Strasznie dużo wiecie - Gallux, że jestem teoretykiem i nie nadaję się do biznesów, Baja, że mam długi i wianuszek "wściekłych ofiar"...
Tekst "co nas nie zabije to nas wzmocni" (Gallux go dziś podał) zawiera słówko "nas" - mówi się go sobie i tym, którzy są z nami (ja mówię dosyć często). Mówienie tego innym raczej nie ma sensu - ich sprawa.
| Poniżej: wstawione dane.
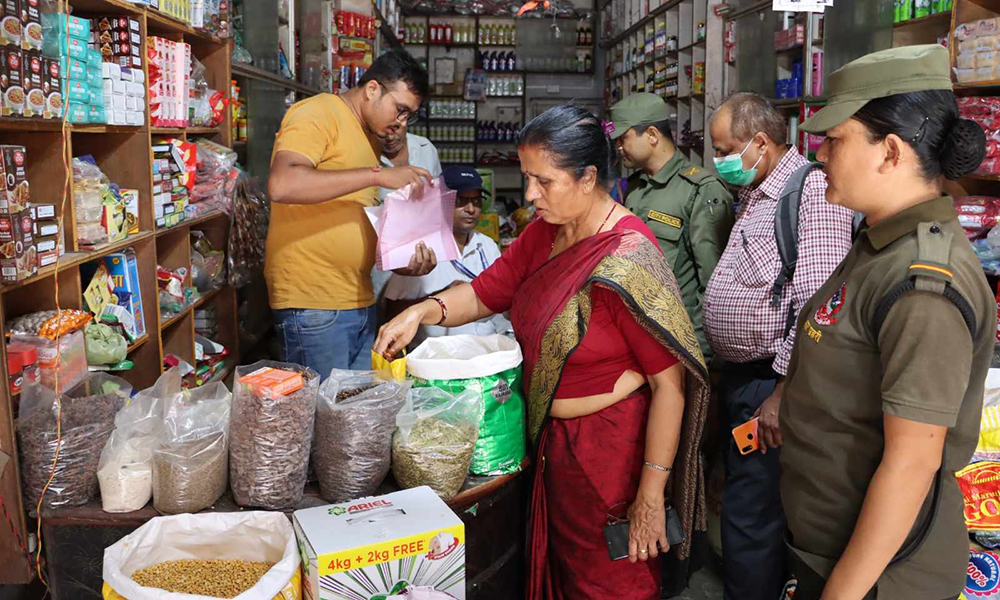 उपभोग्य सामानमा जथाभावी भाउ बढाउँदै बुटवलका व्यवसायी, अनुगमन टोलीले सचेतमात्र गरायो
To czy zgodzisz się ze moimi poglądami, czy z pogladami moich oponentów dla mnie nie ma żadnego znaczenia. Dla Ciebie może mieć - z ich poglądami na pewno łatwiej znależć usprawiedliwienia dla własnej słabości.
Poszukującym pracy polecam dzisiejszy dodatek do Rzeczpospolitej p.t. "Moja Kariera". Obszerny i dokładny spis tego wszystkiego co działało kilka lat temu.
Powodzenia- 0 0
Portal trojmiasto.pl nie ponosi odpowiedzialności za treść opinii.